WORK INSTRUCTIONS: The listing is to be reproduced exactly, excluding its pictures.

EXERCISE INPUTS:
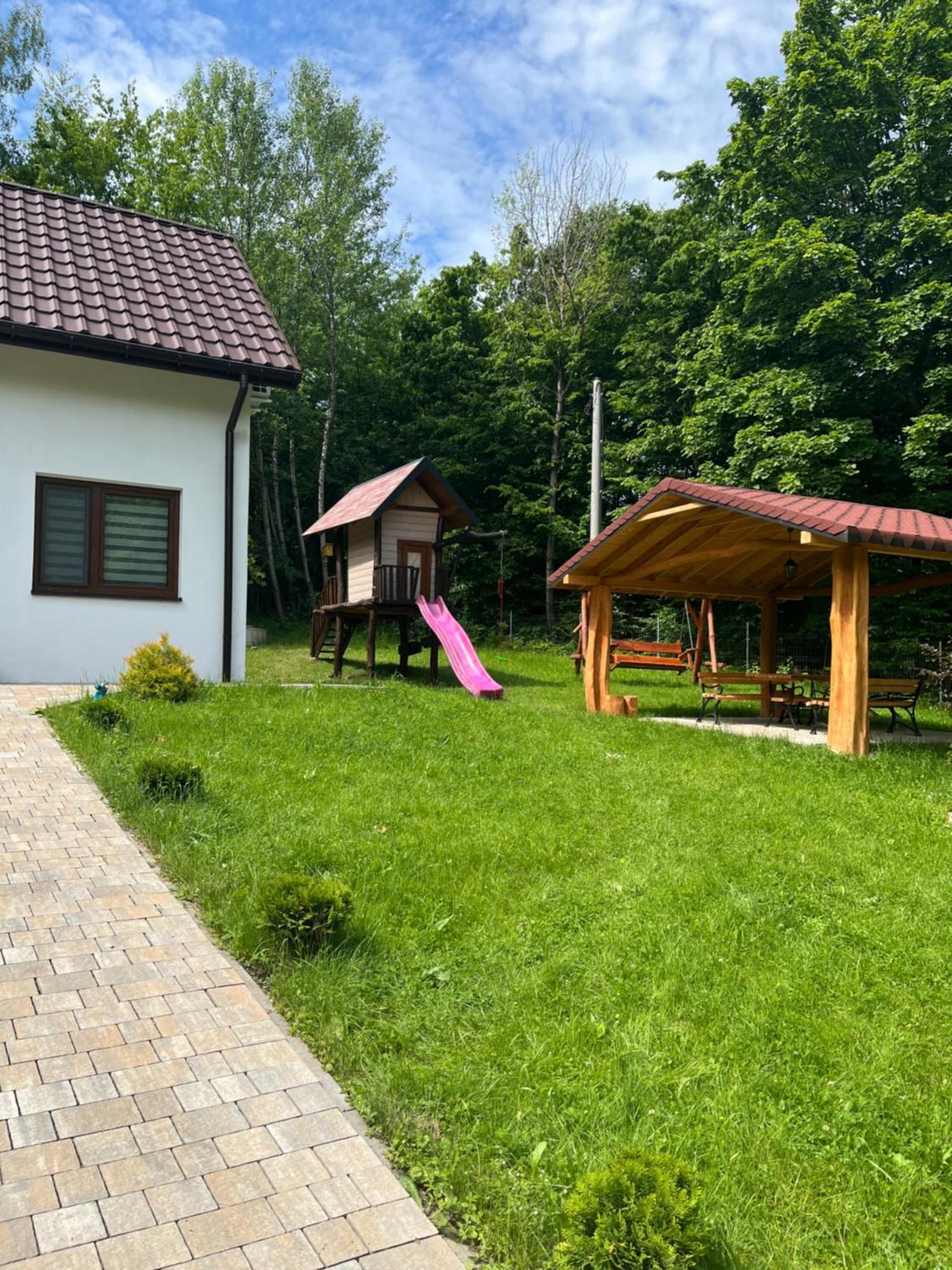 W Lesie Sauna I Goraca Balia Wellness&spa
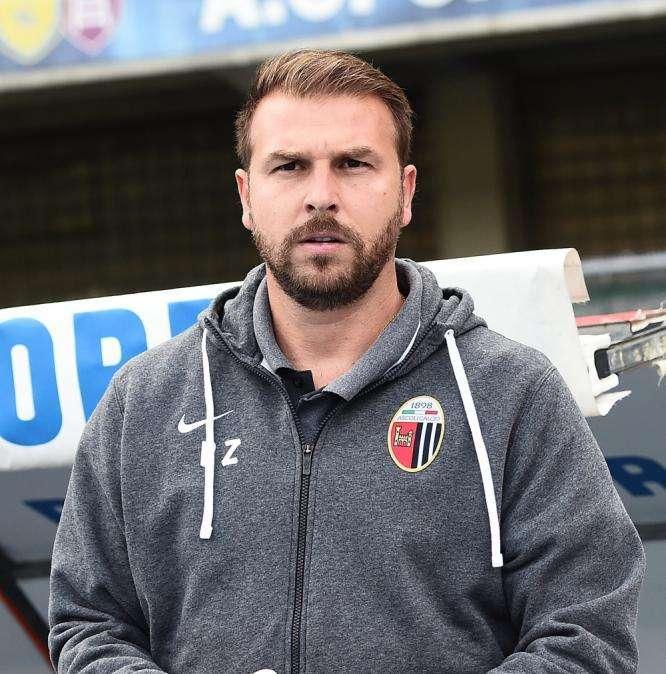 Forti con i deboli, deboli con i forti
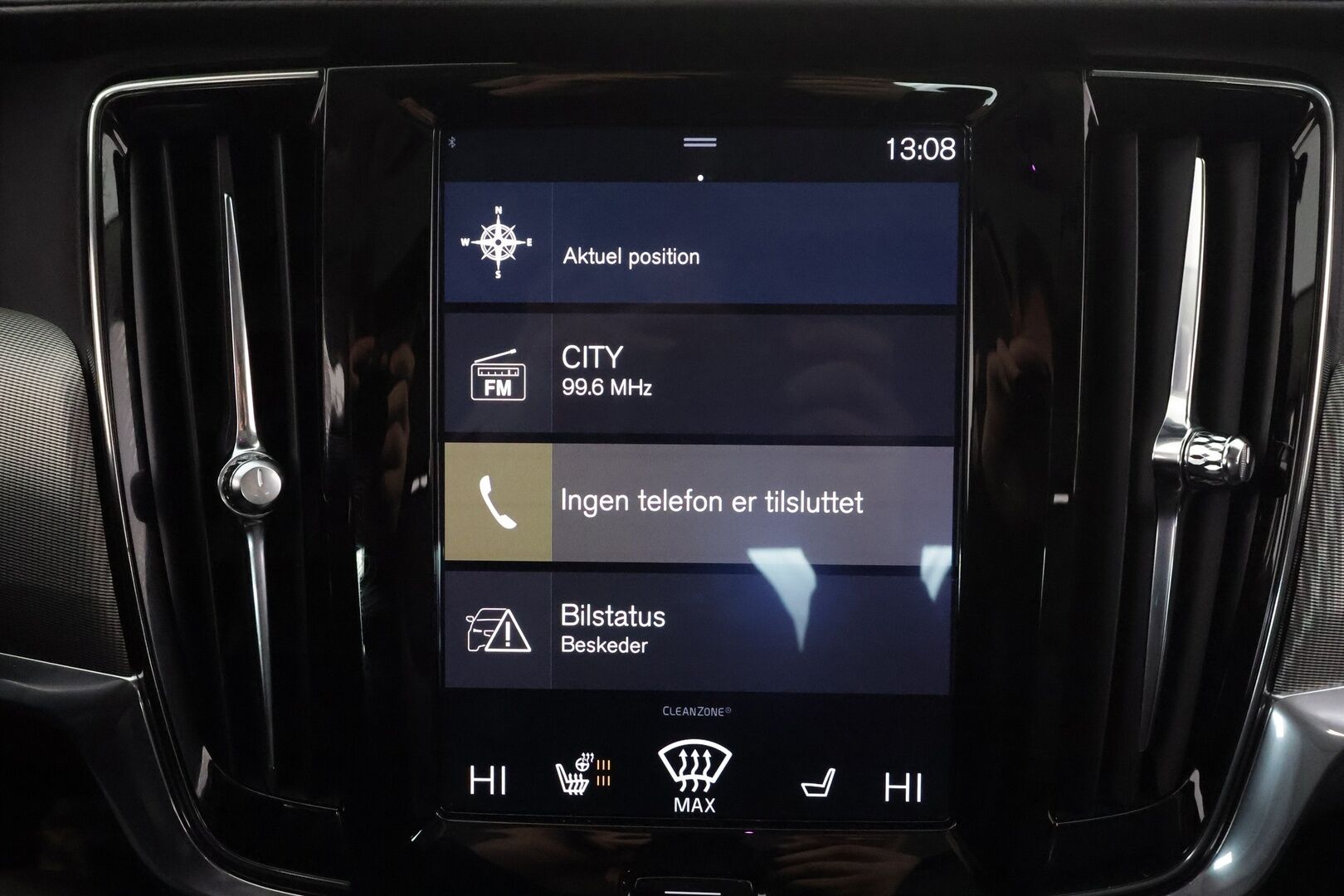 Volvo S90 2019 D5 AWD Business Inscription aut * Kattoluukku / Webasto / ACC / Full-LED / 360° / Sportnahat Muistilla / Navi * - Suomi-auto / Kahdet renkaat aluvanteilla / Merkkihuollot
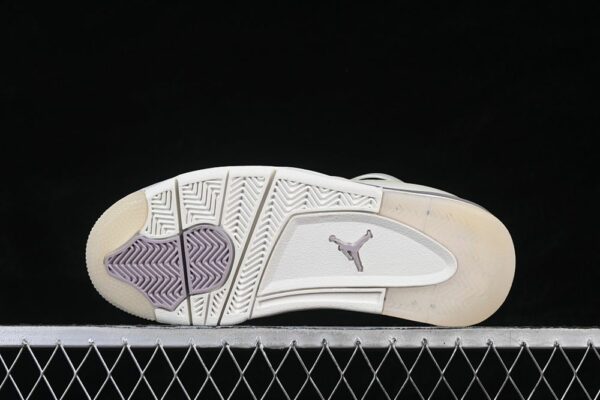 AJ 4 RM ‘Easter’ IB8862-141 AJ 4 RM ‘Easter’ IB8862-141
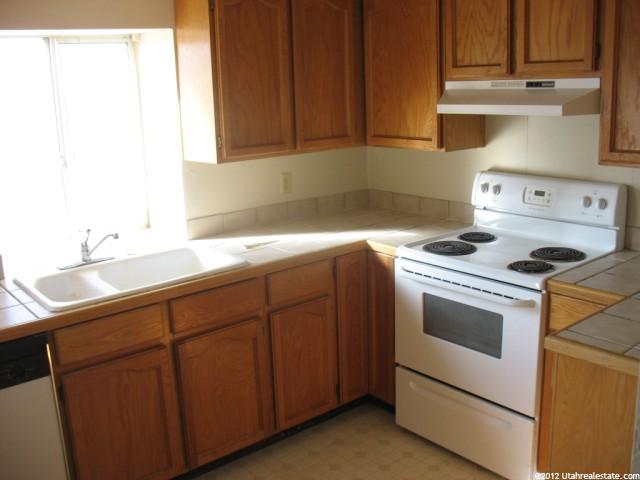 787 W 4050 S, Bountiful, UT 84010 — photo 4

RESPONSE BOX:
 W Lesie Sauna I Goraca Balia Wellness&spa
 Forti con i deboli, deboli con i forti
 Volvo S90 2019 D5 AWD Business Inscription aut * Kattoluukku / Webasto / ACC / Full-LED / 360° / Sportnahat Muistilla / Navi * - Suomi-auto / Kahdet renkaat aluvanteilla / Merkkihuollot
 AJ 4 RM ‘Easter’ IB8862-141 AJ 4 RM ‘Easter’ IB8862-141
 787 W 4050 S, Bountiful, UT 84010 — photo 4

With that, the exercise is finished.